OK, that’s a heck of a lot better than my first attempt, and it even got Freakonomics right. I did still need to pop back in and capitalise Wired, change “it will” to “tool”, and add a hyphen to co-founder, but it was certainly better than before. The microphone combined with a basic understanding of punctuation commands clearly helps makes things more readable.
However, what tripped me up at this point isn’t the text-to-speech mishaps, it was the actual act of speaking what I wanted typed. This isn’t as intuitive as I thought it would be, and it turns out I take a lot of long pauses while I think of what I want typed next. Writing on a keyboard allows you plenty of time to sit and ruminate on your next sentence, while dictation and speaking makes you want to move a lot quicker. It took me a little while for my brain to adjust to this.
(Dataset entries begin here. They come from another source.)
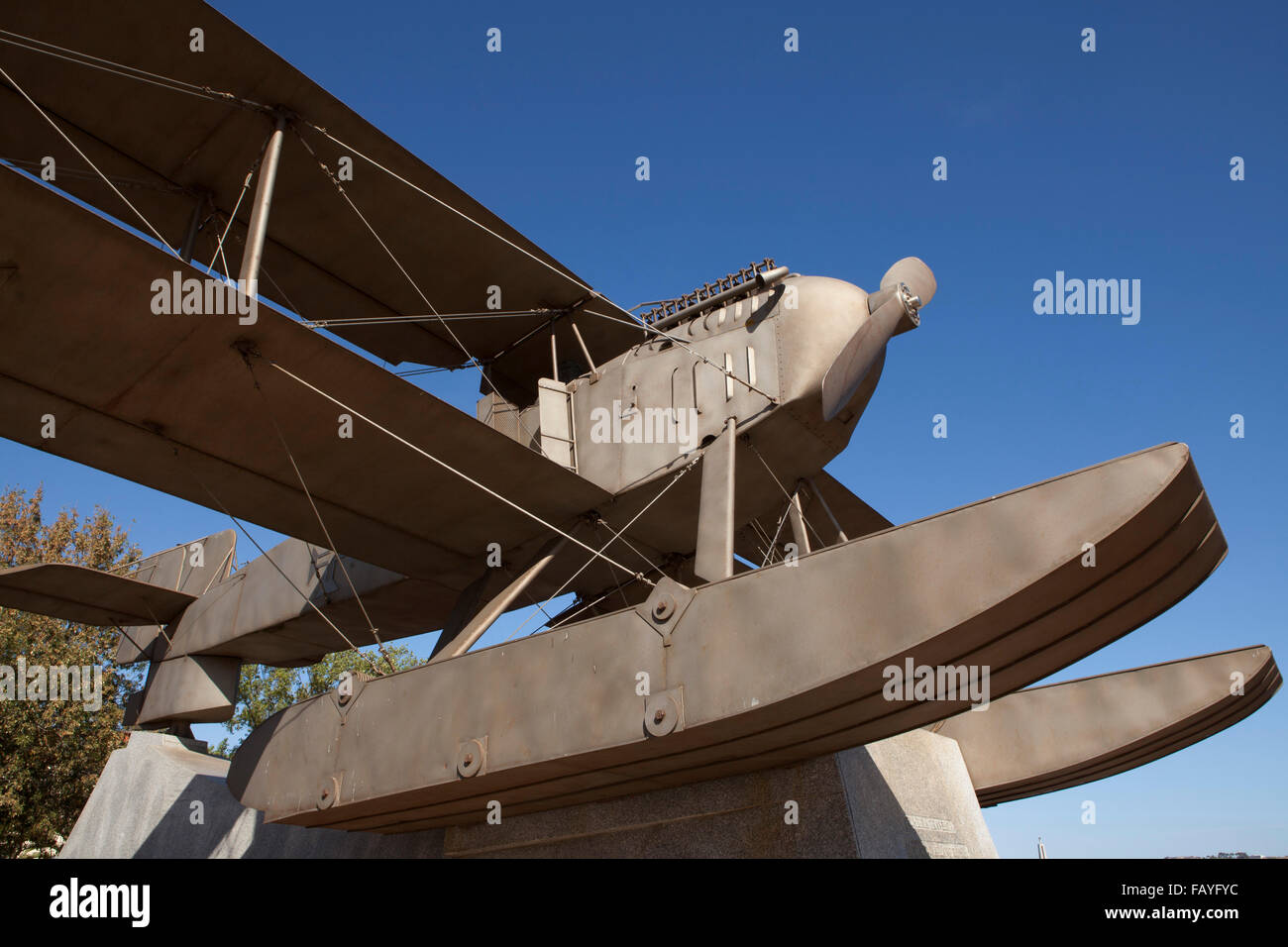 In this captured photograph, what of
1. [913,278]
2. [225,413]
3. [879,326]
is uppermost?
[913,278]

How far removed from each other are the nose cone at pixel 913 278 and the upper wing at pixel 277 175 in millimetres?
3227

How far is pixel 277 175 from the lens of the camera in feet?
27.9

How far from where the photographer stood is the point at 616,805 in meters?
7.19

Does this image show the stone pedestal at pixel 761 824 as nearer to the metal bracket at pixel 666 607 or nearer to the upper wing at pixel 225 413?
the metal bracket at pixel 666 607

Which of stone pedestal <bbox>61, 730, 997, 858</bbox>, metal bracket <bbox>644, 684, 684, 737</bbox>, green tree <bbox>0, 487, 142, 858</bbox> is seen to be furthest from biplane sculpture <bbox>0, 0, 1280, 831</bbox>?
Answer: green tree <bbox>0, 487, 142, 858</bbox>

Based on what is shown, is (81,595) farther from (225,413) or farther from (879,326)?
(879,326)

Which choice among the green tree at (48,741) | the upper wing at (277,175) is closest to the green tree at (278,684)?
the green tree at (48,741)

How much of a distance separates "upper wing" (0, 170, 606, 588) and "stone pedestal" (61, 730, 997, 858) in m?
2.82

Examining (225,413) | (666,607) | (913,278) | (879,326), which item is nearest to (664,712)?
(666,607)

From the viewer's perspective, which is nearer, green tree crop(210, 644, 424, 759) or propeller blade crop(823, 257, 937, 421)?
propeller blade crop(823, 257, 937, 421)

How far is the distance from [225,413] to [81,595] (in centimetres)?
566

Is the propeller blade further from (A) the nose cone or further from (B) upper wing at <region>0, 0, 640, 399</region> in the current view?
(B) upper wing at <region>0, 0, 640, 399</region>

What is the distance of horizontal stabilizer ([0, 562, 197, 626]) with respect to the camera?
10102mm

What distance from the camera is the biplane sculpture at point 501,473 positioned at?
4.96 meters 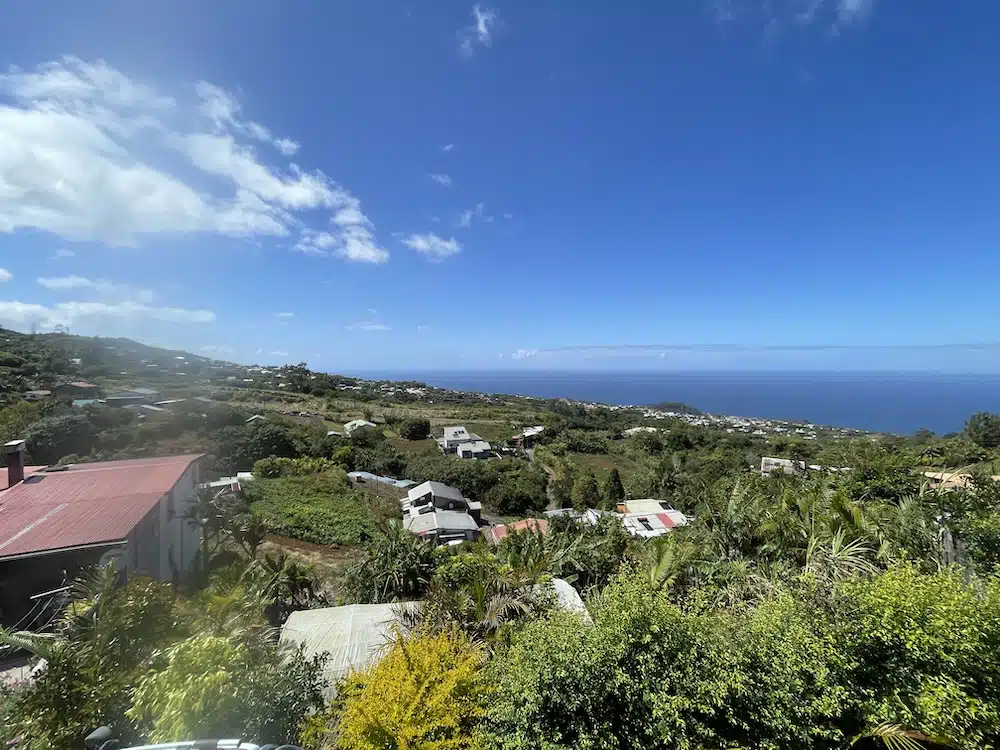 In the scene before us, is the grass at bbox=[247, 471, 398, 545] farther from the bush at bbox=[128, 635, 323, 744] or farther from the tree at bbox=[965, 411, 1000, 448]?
the tree at bbox=[965, 411, 1000, 448]

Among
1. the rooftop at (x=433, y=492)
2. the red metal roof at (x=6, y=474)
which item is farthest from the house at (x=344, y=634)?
the rooftop at (x=433, y=492)

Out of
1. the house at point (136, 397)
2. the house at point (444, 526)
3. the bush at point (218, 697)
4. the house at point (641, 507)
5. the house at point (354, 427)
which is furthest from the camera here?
the house at point (354, 427)

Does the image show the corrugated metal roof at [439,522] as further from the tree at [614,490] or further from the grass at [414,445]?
the grass at [414,445]

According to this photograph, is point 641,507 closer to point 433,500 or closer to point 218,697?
point 433,500

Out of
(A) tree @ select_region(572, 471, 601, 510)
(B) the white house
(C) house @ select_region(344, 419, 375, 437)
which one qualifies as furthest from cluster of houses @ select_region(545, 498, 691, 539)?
(C) house @ select_region(344, 419, 375, 437)

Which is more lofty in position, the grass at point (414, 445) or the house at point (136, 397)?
the house at point (136, 397)

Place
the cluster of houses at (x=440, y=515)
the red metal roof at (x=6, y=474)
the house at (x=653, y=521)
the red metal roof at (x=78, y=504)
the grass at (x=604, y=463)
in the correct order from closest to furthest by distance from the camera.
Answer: the red metal roof at (x=78, y=504) → the red metal roof at (x=6, y=474) → the house at (x=653, y=521) → the cluster of houses at (x=440, y=515) → the grass at (x=604, y=463) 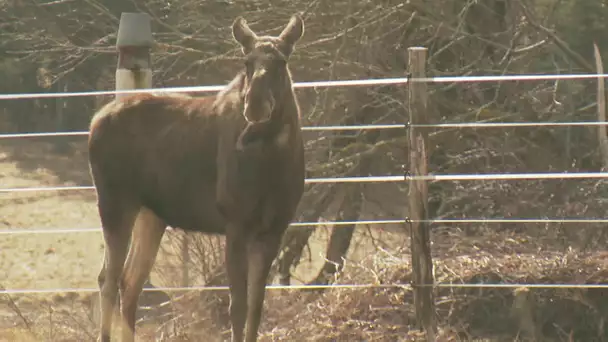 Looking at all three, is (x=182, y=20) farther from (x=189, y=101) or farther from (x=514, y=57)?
(x=189, y=101)

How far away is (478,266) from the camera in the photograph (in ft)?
21.3

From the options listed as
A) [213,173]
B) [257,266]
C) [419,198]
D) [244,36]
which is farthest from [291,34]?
[419,198]

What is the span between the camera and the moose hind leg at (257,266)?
187 inches

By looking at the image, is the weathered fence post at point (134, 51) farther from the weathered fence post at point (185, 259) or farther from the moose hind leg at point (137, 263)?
the weathered fence post at point (185, 259)

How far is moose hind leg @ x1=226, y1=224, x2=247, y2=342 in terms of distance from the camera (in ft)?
15.3

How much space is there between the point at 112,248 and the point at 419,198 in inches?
64.6

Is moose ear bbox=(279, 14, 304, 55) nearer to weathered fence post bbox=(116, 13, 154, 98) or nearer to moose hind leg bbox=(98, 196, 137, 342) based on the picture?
moose hind leg bbox=(98, 196, 137, 342)

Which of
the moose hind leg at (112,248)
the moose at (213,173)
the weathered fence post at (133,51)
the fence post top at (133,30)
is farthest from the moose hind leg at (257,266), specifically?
the fence post top at (133,30)

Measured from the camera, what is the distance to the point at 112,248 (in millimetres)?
5219

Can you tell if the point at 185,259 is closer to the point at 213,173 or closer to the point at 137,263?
the point at 137,263

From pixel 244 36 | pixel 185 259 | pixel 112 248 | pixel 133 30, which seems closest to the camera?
pixel 244 36

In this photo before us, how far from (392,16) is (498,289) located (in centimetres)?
286

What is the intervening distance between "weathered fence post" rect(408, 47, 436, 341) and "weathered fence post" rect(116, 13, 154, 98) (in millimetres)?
1524

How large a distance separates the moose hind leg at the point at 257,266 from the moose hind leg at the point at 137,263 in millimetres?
826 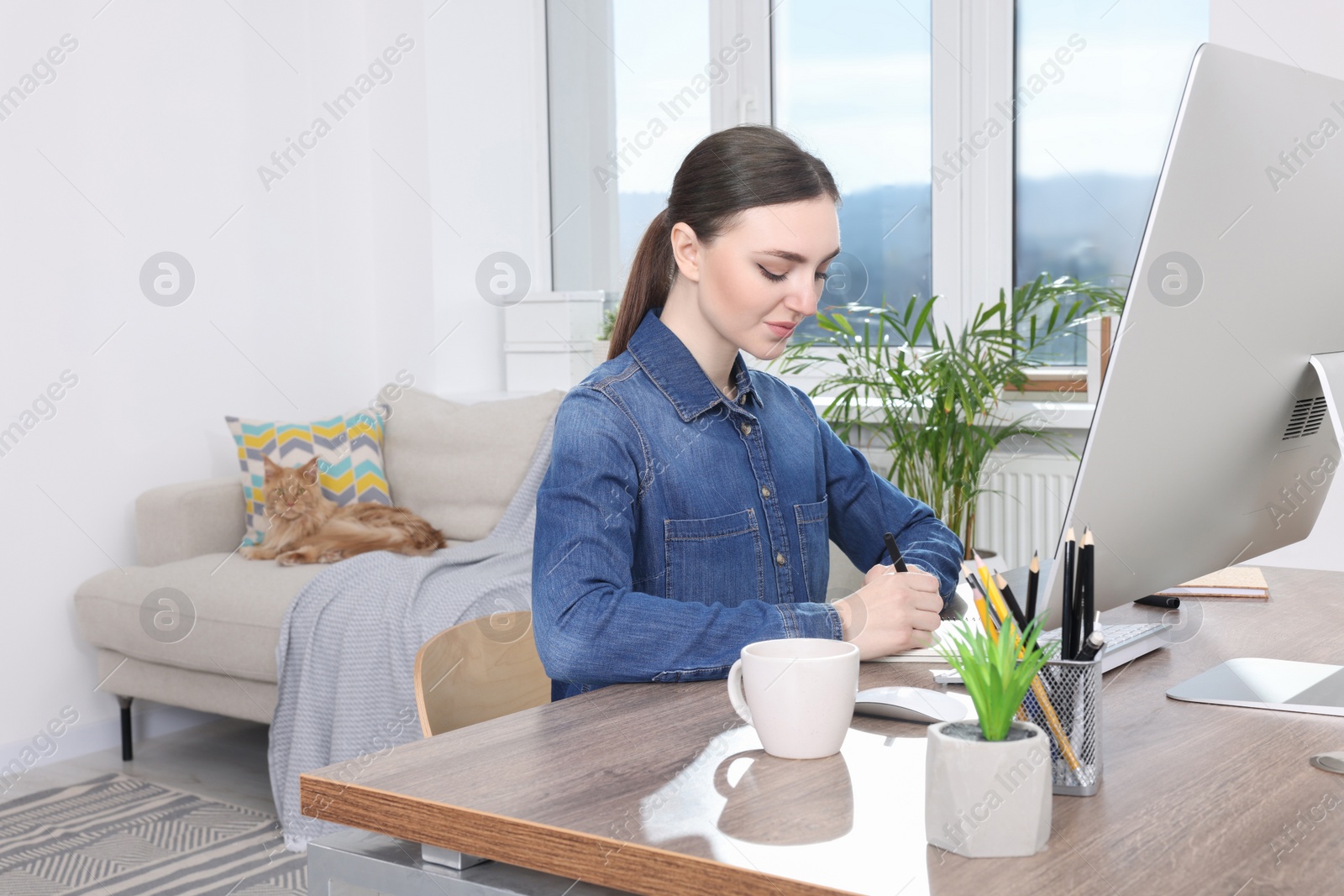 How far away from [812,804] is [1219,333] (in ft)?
1.50

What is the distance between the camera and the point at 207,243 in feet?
11.4

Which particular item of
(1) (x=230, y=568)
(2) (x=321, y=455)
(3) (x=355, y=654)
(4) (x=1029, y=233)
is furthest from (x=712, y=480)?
(4) (x=1029, y=233)

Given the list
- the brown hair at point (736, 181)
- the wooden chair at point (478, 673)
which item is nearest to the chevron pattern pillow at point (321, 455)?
the wooden chair at point (478, 673)

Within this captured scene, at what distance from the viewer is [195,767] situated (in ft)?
10.1

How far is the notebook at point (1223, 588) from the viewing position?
4.39 ft

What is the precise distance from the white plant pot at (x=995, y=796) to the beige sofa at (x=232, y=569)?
2082mm

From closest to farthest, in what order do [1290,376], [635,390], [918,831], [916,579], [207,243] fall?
[918,831]
[1290,376]
[916,579]
[635,390]
[207,243]

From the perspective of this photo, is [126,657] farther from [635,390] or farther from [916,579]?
[916,579]

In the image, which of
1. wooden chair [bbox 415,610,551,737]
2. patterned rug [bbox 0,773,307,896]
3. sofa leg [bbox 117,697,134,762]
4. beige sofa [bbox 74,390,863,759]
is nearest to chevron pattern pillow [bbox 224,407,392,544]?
beige sofa [bbox 74,390,863,759]

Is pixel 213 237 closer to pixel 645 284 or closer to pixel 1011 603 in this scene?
pixel 645 284

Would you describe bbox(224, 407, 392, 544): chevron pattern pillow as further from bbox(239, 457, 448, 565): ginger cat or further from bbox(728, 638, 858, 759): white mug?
bbox(728, 638, 858, 759): white mug

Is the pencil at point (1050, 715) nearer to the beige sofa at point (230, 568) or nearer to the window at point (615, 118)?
the beige sofa at point (230, 568)

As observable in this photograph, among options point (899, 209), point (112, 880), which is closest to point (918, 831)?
point (112, 880)

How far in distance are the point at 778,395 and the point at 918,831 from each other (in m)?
0.80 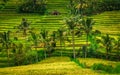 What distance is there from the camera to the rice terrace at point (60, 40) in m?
120

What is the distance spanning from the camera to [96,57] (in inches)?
5384

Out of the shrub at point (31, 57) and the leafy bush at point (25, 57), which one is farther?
the shrub at point (31, 57)

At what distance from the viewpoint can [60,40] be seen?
458 feet

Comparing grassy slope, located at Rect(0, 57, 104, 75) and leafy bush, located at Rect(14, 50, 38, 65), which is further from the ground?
grassy slope, located at Rect(0, 57, 104, 75)

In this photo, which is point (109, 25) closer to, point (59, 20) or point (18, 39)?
point (59, 20)

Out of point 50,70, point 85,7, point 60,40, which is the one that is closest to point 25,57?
point 60,40

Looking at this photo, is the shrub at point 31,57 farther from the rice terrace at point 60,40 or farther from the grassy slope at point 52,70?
the grassy slope at point 52,70

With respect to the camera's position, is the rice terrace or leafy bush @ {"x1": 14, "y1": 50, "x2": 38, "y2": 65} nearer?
the rice terrace

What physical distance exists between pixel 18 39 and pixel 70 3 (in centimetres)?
4863

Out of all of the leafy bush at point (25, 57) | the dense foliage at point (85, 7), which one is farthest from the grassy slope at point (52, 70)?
the dense foliage at point (85, 7)

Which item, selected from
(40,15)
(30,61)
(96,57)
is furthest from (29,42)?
(40,15)

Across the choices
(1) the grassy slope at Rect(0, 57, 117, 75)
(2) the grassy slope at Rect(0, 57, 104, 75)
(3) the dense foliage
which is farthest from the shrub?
(3) the dense foliage

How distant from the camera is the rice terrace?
11975 cm

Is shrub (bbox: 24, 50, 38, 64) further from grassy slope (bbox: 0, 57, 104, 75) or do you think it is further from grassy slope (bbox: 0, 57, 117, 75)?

It’s worth pointing out here that using dictation on my iPhone for short replies to text messages and emails was going a lot smoother. Because of the succinct nature of text conversations, using dictation on my phone was a lot easier and something I enjoyed doing, despite the obnoxious nature of doing it in public.
Day 2: Customising and Learning to Control My Computer
As my second day of using dictation rolled around, I realised I needed to dig in a bit more if I was going to make this useful. That means digging into actual voice commands instead of just using dictation.
It’s more than just dictating what you want to say, it’s also about doing a bit of on-the-fly editing. On a Mac, it turns out you have to enable dictation commands if you want full control:
- Open up System Preferences
- Head over to Accessibility
- Choose Dictation
- Click the Dictation Commands button
- Click the “Enable advanced commands” checkbox
With the advanced commands button checked, I can control my computer, open apps and edit text. It’s here where I learnt my mistake from day 1. To delete an errant word, the command isn’t just “delete”, it’s “delete that”. Now I can edit with commands such as “cut that”, “copy that”, “undo that” and “capitalise that”. If you’re ever unsure of what to say to trigger an action, you can always say “show commands” to get a pop-up of available commands.
Windows users have their own set of commands, but they’re pretty similar overall, although you can just say “delete” instead of “delete that”. I don’t have any experience with the Windows voice control, but turning on the commands is really simple:
- Open Speech Recognition by clicking the Start button > All Programs > Accessories > Ease of Access
- Click on Windows Speech Recognition
- Say “start listening” or click the microphone button
The advanced dictation commands on Mac also allow you to control apps, too. You can use commands like, “switch to [application name]”, “open document” and “click [item name]” to control whatever you want. No command listed for an action you want to perform? In that same System Preferences menu, click the “+” button to add your own. Just type in the phrase you want to trigger an action, pick the application you want to control, then pick the action that will be performed. Personally, I stuck with keyboard shortcuts.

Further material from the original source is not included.